On a larger scale, how do you hope for peace in an era of endless terror, conflict, and war? How do congregations look to the future with excitement when fewer and fewer Americans are interested in church? How do you hope for an end to racism and discrimination when hate seem to be growing worse? How can poverty end when economic inequality is growing?
Without hope and optimism, people fear the future. They tend to get depressed or anxious or overly reactive. You can see that in the hyper partisan politics of our day, in the shrill and vicious “conversations” on social media, in the way many people see little point in voting. You can see it when congregations and denominations engage in nasty fights over how to interpret the Bible or worship styles or most anything else.
Luke’s gospel doesn’t say so, but I have to think there were some pretty big blow ups by disciples that first Easter morning. Some wanted to stay together and see what would happen. Some thought that was crazy and just wanted to go home. Some were angry at the Romans. Some were angry at themselves for ever having followed Jesus. Some were upset that they hadn’t made an effort to save Jesus.
What sort of good-byes had bee said when two disciples left for Emmaus? Had it been a fond parting? Or had they left in a huff, shouting over their shoulders, “We’re out of here.”
Whatever the circumstances, two disciples make their way toward Emmaus on the afternoon of the first Easter. When the risen Jesus joins them, they have no idea who he is. Is this divine sleight of hand, or does seeing him require more hope that they can muster?
Jesus asks what they are talking about, and they stop, looking sad. Their pain is raw, but they share a short synopsis of what had happened over the last few days, ending with, “But we had hoped that he was the one to redeem Israel.” They had hoped. But no longer.

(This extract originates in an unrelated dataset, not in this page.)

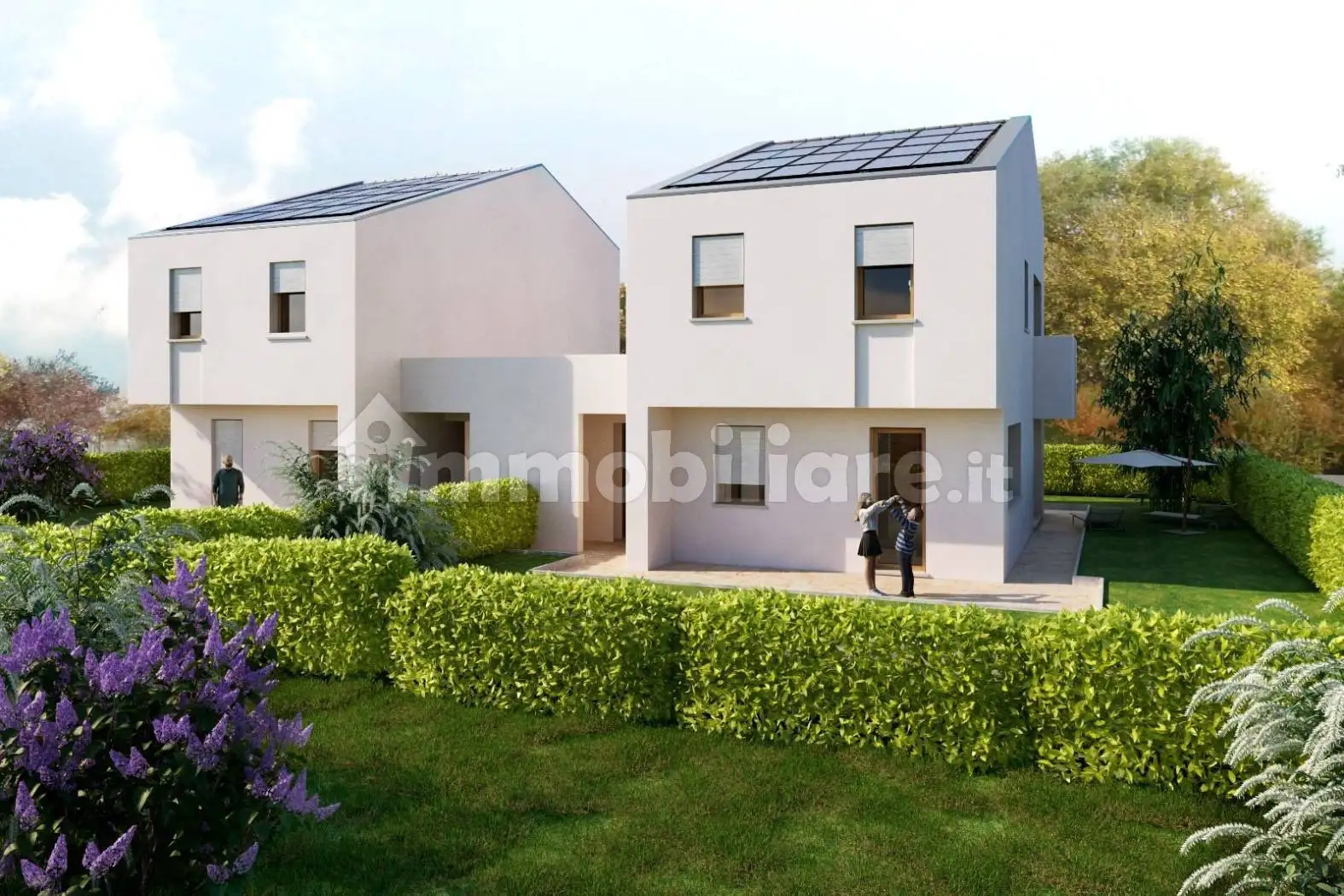 Villa in vendita a Cologna Veneta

Jesus had showed them a new way, a way rooted in love, a way that did not meet violence with more violence, a way that did not always have to have more but trusted God’s provision, a way that cared for the poor and broken, that worked for a new community rooted in God’s love and God’s priorities. Jesus had confronted the powerful, those heavily invested in old ways, with his new way of love. But the powerful had killed Jesus, had shut him up for good, and for two disciples journeying to Emmaus, hope had died, too.